The Pietists saw even protestant church governance as corrupt and false. According to Ward, the Pietists believed that true Christianity should transcend any organized religious system and that religion should pervade every aspect of daily life. Further, the Pietists feared the secularization and disenchantment of life caused by the scientific progress of the Enlightenment.

Frequently persecuted and sometimes expelled from European countries, many Pietists moved to the American colonies and later to the United States as well as to England. In these locations, the Pietists influenced many religious movements including Pentecostalism and the Anabaptists. According to Ward, the common thread that ties Pietism to Evangelicalism and Evangelicals to one another is the shared sense that true Christianity pervades all aspects of life including politics. Further, this view is coupled with and a general distrust of organized, top-down systems of any kind whether religious, political, or academic.
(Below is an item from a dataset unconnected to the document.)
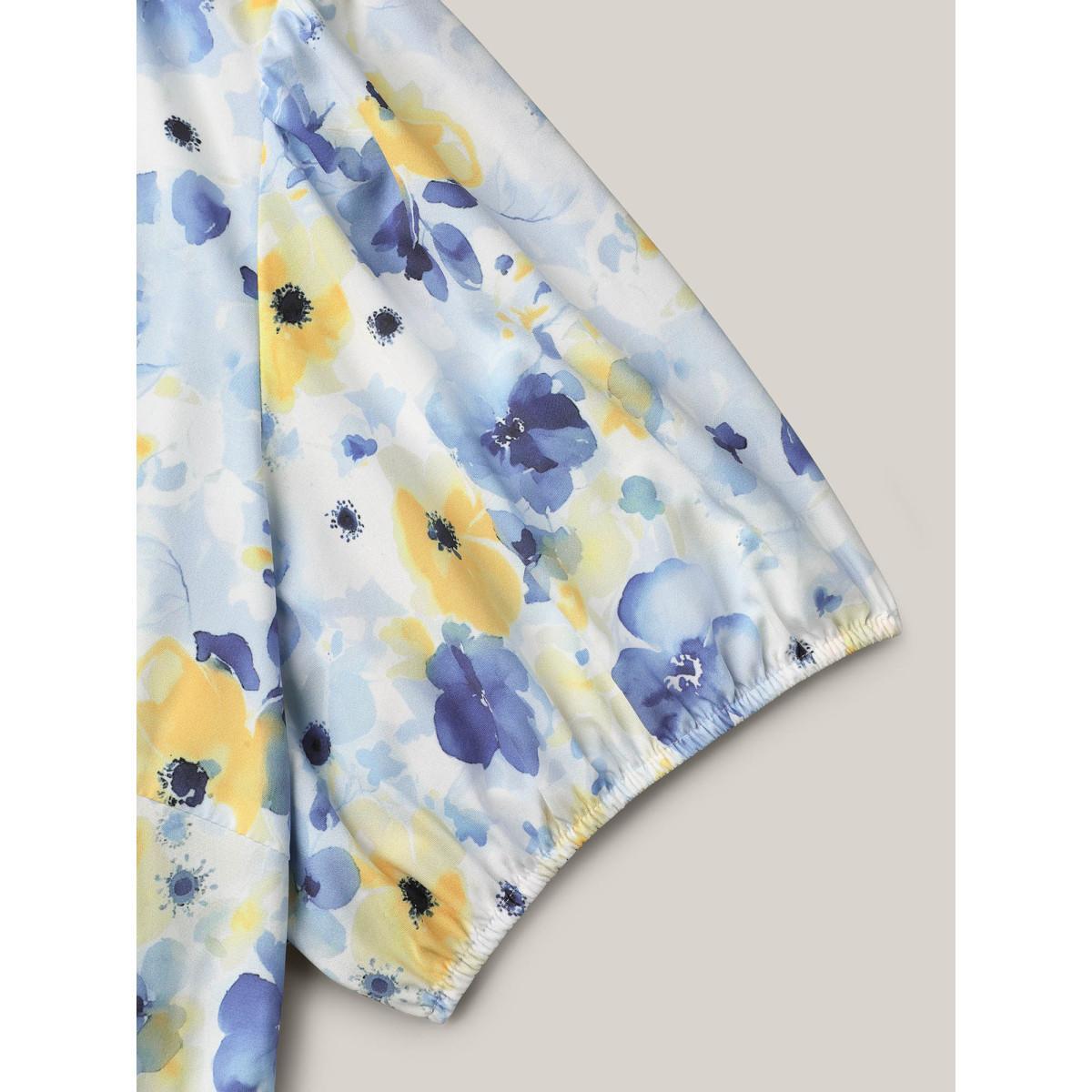 Plus Size Blooming Flowers Puff Sleeve Stretchy-Waist Dress LightBlue Women Elegant Non V-neck Short sleeve Curvy BloomChic 14-16/1X Product Image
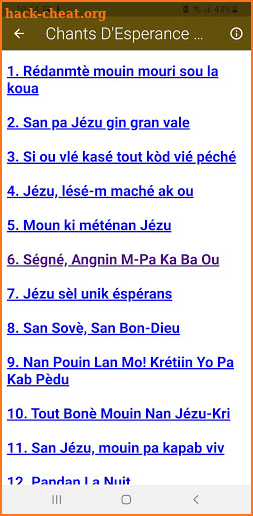 Chants D'Esperance Creole screenshot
Evangelical views on science are likely then to be an extension of their generalized distrust of academia as a hierarchical structure. This historical mistrust stands out when it is compared to the relative harmony between science and other forms of Christianity. For instance, the Pew study cited above shows that Hispanic Catholics are among the most likely US citizens to believe in human-caused climate change. One might speculate that the Catholic church’s acknowledgment of anthropogenic global warming along with a general willingness among Catholics to accept the hierarchical authority of the Church underlies their willingness to accept climate science.

This diversity of perspectives both between Christians and occasionally between Evangelicals is fascinating to me since it suggests that there is a possibility for the relationships to science among Evangelical Christians be renegotiated. While exploring the diversity in Christian responses to climate change I found the video below which was produced by The Guardian, a UK-based news outlet. This video gives an excellent overview of just how varied US Christian’s views are towards climate change.

As the video shows, there are a wide range of ways that Christians can and do engage with climate change and its impacts. Going forward, I will explore some of the specific ways that faith informs the responses of United States Evangelical Christians to climate change and its attendant severe weather patterns. I will also take a close look at how engagement with science is for some an expression of Christian principles and how others use the threat of climate change as a way to exert social control over others. Further, I will examine how some Christians attempt to use their faith as a supernatural protection against the threat of climate change, and how yet others transcend their fear through faith. Finally, I will look at how a study of Evangelical Christians in Scotland suggests that the impact of economic, political, and historical realities may shape the views of Evangelicals in the US.